1959年。昭和でいえば34年の大会は、中京商(現・中京大中京)と岐阜商(以下、県岐阜商)が決勝を戦ったのだが、テレビ中継が始まって以降の甲子園大会で唯一、放映されなかった。当時の皇太子、つまり現在の上皇さまご夫妻のご成婚と重なってしまったからだ。
NHK、民放問わず、全局がロイヤルウエディングの模様を生中継。地上波のみの当時では、さすがの選抜も誰にも注目されることはなかったというわけだ。隣県対決は3-2で中京商が逃げ切り、3度目の紫紺の大旗をつかんだ。そして敗れた県岐阜商には、のちに野球界のレジェンドとなる選手がいた。
「私にとっては非常に思い出深い試合です。もちろん、テレビ中継がないのは当たり前。世の中はご成婚一色なんだから。そのことよりも、リードしていたからね。雨が降っていなければ勝てたんじゃないか。

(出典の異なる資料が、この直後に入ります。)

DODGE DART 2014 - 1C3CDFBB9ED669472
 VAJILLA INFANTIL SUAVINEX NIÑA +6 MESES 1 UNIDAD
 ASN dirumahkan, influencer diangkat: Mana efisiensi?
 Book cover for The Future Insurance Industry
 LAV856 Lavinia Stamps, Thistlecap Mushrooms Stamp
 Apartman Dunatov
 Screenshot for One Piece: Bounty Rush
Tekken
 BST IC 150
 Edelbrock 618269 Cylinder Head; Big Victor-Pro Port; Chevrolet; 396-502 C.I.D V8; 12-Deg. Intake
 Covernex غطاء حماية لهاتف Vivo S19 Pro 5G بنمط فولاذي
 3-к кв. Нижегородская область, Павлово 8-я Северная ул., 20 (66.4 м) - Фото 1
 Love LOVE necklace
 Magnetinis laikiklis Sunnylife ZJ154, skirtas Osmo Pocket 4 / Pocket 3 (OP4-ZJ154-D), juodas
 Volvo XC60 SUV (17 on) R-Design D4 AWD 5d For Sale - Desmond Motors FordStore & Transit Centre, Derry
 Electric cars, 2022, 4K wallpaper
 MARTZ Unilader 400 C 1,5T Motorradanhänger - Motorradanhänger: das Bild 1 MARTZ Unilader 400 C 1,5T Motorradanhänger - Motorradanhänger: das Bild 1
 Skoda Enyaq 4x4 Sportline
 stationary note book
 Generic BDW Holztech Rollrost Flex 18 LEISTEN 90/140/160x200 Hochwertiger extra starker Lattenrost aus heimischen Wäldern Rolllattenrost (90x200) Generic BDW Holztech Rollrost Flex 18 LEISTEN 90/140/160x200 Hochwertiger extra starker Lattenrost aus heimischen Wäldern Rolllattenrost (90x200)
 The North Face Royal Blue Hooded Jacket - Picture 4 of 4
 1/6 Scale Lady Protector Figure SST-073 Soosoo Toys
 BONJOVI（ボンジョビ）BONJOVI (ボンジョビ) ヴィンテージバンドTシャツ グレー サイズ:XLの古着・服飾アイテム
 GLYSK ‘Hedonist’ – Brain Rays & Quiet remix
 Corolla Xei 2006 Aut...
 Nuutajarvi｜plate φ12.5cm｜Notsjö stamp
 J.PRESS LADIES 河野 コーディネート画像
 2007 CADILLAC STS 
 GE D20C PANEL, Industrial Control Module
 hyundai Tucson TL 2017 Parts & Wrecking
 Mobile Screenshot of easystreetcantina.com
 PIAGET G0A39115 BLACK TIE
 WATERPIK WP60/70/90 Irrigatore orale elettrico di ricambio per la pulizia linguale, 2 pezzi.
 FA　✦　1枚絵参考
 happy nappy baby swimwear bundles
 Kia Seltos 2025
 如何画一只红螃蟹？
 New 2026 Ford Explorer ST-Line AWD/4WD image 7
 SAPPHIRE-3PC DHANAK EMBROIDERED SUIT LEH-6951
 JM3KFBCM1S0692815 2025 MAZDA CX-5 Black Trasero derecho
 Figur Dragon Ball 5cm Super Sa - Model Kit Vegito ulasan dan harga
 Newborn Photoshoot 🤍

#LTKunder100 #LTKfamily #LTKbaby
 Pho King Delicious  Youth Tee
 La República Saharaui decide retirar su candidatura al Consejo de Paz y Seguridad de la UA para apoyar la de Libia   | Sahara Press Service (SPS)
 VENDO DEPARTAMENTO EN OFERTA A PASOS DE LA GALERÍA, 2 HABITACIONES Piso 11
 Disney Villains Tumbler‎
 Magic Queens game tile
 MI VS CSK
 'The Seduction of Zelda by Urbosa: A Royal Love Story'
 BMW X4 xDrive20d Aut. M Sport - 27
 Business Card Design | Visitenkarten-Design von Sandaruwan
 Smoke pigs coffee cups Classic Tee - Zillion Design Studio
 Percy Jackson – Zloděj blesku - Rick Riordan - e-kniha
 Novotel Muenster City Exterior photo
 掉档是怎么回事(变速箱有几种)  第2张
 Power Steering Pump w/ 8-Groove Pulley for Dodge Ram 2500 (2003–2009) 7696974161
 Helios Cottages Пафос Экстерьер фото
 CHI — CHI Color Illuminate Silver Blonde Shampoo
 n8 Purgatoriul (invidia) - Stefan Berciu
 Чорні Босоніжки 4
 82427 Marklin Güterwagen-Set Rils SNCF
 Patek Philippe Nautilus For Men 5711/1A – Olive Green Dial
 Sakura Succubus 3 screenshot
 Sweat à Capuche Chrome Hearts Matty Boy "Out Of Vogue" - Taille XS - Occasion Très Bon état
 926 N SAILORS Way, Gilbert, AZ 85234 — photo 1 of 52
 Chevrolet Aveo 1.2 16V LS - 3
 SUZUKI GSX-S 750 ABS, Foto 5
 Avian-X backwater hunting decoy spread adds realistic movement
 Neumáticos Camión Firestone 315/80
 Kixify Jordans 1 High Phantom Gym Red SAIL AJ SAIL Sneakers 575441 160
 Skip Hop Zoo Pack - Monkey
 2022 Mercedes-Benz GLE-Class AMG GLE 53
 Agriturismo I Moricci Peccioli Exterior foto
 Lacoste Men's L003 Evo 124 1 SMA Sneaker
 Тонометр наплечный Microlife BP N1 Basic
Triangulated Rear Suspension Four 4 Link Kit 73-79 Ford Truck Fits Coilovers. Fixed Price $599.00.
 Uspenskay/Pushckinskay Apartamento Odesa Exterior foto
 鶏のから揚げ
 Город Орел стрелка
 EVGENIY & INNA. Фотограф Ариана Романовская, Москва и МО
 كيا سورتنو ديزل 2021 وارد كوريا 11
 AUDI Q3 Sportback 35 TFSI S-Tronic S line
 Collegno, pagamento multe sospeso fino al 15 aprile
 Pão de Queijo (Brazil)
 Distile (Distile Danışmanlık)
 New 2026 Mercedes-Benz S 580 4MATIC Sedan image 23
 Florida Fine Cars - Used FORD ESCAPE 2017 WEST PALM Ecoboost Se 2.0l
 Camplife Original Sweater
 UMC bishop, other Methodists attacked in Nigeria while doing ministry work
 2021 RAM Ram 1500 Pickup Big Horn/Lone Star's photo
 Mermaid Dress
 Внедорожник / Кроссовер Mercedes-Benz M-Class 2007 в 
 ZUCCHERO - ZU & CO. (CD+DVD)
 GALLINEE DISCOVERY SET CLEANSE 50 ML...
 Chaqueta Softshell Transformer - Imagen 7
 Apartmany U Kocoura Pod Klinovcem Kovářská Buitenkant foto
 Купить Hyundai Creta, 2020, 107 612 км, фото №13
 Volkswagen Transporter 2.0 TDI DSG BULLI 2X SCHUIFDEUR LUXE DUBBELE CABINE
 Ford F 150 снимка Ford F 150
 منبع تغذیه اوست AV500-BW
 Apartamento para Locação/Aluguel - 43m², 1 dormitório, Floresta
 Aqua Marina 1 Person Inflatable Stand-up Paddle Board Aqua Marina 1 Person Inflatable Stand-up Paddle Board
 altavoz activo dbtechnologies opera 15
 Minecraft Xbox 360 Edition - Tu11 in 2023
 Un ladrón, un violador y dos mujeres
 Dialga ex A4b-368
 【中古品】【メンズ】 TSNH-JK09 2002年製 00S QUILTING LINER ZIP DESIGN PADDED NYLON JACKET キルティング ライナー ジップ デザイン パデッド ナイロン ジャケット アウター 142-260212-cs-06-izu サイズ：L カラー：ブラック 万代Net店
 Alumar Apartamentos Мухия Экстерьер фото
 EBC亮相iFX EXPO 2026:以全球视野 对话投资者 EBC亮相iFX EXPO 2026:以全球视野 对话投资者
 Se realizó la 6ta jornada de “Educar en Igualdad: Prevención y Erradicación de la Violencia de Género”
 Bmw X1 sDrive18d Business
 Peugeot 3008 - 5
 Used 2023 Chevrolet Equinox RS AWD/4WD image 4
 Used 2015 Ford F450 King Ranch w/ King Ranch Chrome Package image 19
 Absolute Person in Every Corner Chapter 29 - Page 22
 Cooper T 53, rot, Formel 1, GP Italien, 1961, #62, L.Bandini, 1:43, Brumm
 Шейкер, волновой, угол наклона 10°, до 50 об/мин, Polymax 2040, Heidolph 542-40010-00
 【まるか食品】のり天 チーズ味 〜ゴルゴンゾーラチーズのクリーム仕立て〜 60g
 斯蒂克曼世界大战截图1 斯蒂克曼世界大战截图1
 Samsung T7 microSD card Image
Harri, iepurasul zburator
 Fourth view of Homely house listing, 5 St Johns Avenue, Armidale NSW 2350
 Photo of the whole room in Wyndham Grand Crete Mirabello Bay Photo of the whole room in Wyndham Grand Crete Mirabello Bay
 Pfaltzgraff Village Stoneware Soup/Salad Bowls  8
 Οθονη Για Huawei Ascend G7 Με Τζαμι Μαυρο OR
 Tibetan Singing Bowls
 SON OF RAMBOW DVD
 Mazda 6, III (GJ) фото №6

そう思ったわけですよ」
今年1月に急逝したミスタードラゴンズ・高木守道氏の生前の言葉である。
県岐阜商の主将であり3番。ほろ苦い青春時代の敗戦だが、当初のスケジュールでは4月8日が決勝戦だった。ご成婚を見越して降雨強行され、3回までは県岐阜商が1-0でリード。ところが雨脚が強まり、ノーゲームになった。翌9日も雨天順延。ついに10日のご成婚と重なってしまった。